_TASK ITEM_
Every line of the listing below is to be repeated exactly; the pictures stay out.

_TASK MATERIAL_
┌──

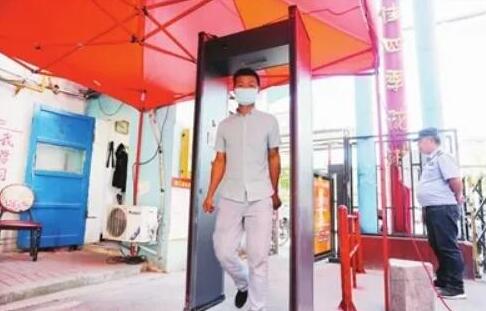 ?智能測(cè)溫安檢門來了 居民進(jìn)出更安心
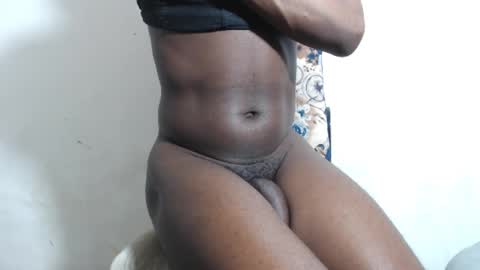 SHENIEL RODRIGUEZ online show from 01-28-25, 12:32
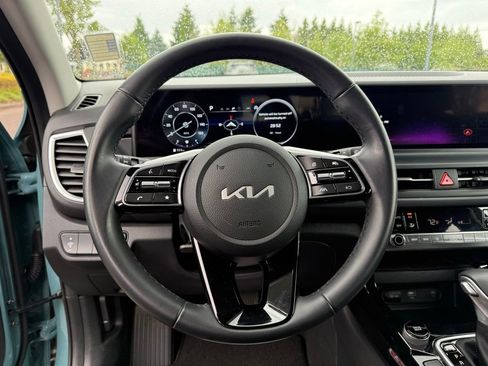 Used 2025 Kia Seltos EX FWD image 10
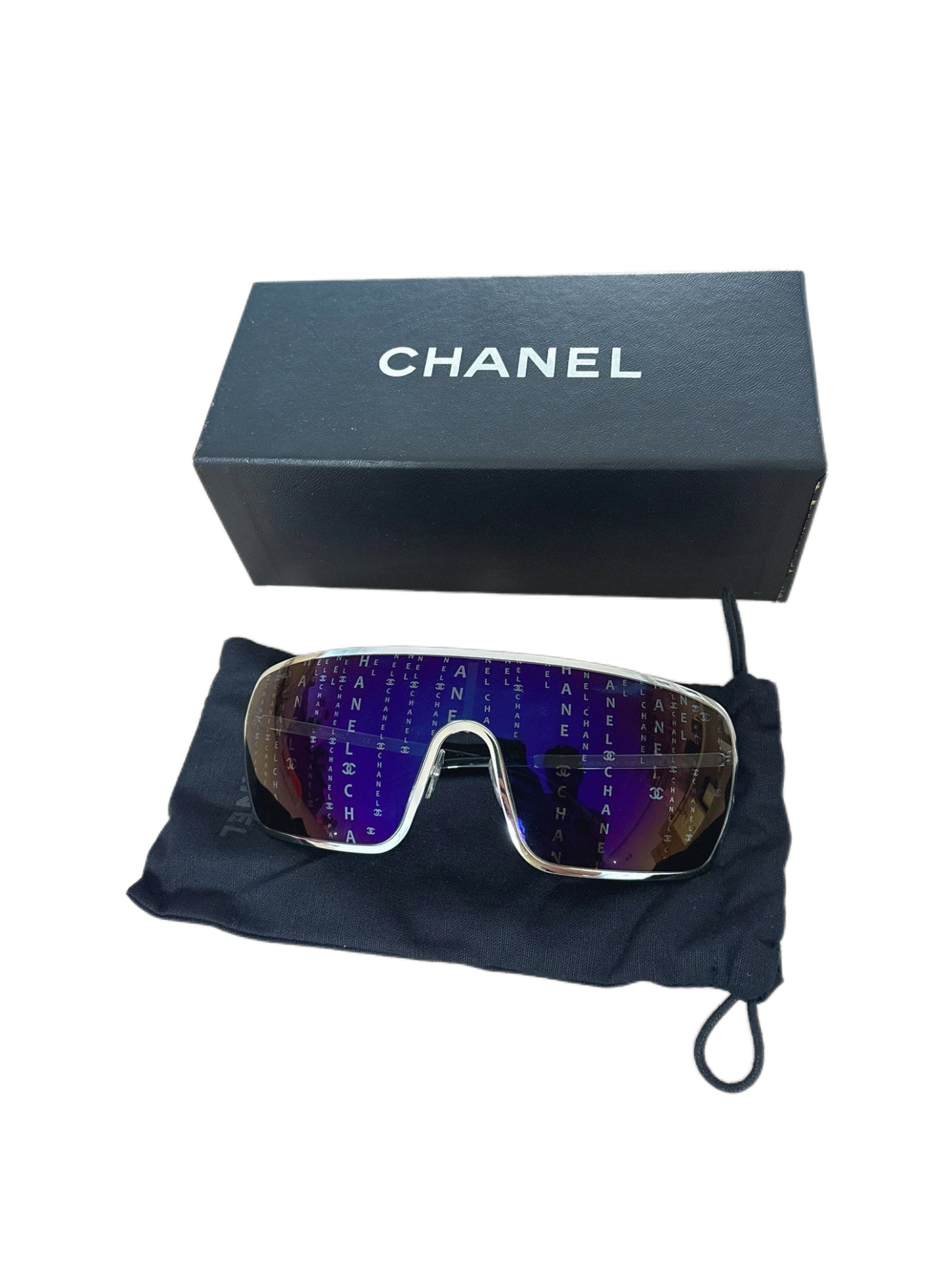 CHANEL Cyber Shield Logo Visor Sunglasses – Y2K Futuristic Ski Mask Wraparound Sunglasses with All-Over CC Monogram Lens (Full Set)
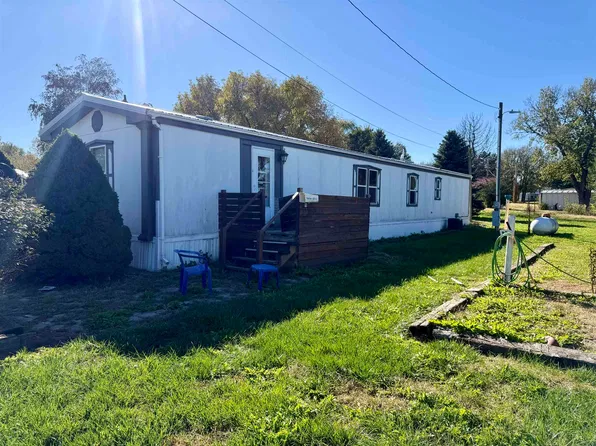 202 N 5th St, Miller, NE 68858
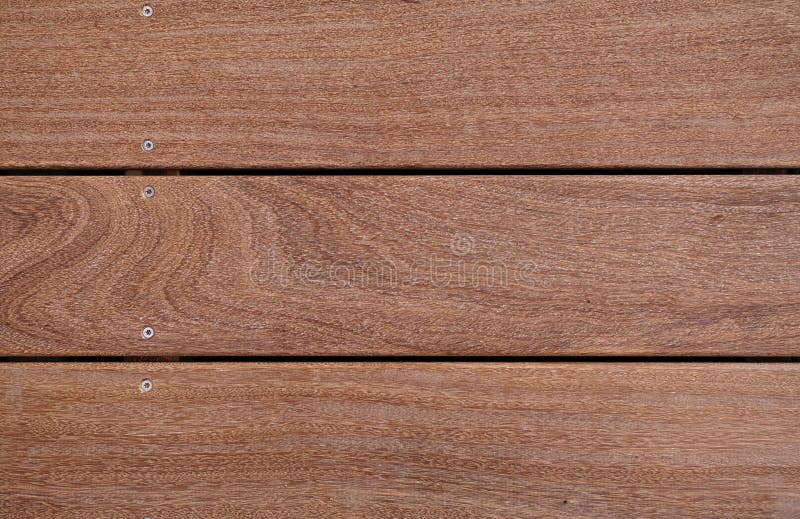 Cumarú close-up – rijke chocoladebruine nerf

└──

_RESPONSE BELOW_
 ?智能測(cè)溫安檢門來了 居民進(jìn)出更安心
 SHENIEL RODRIGUEZ online show from 01-28-25, 12:32
 Used 2025 Kia Seltos EX FWD image 10
 CHANEL Cyber Shield Logo Visor Sunglasses – Y2K Futuristic Ski Mask Wraparound Sunglasses with All-Over CC Monogram Lens (Full Set)
 202 N 5th St, Miller, NE 68858
 Cumarú close-up – rijke chocoladebruine nerf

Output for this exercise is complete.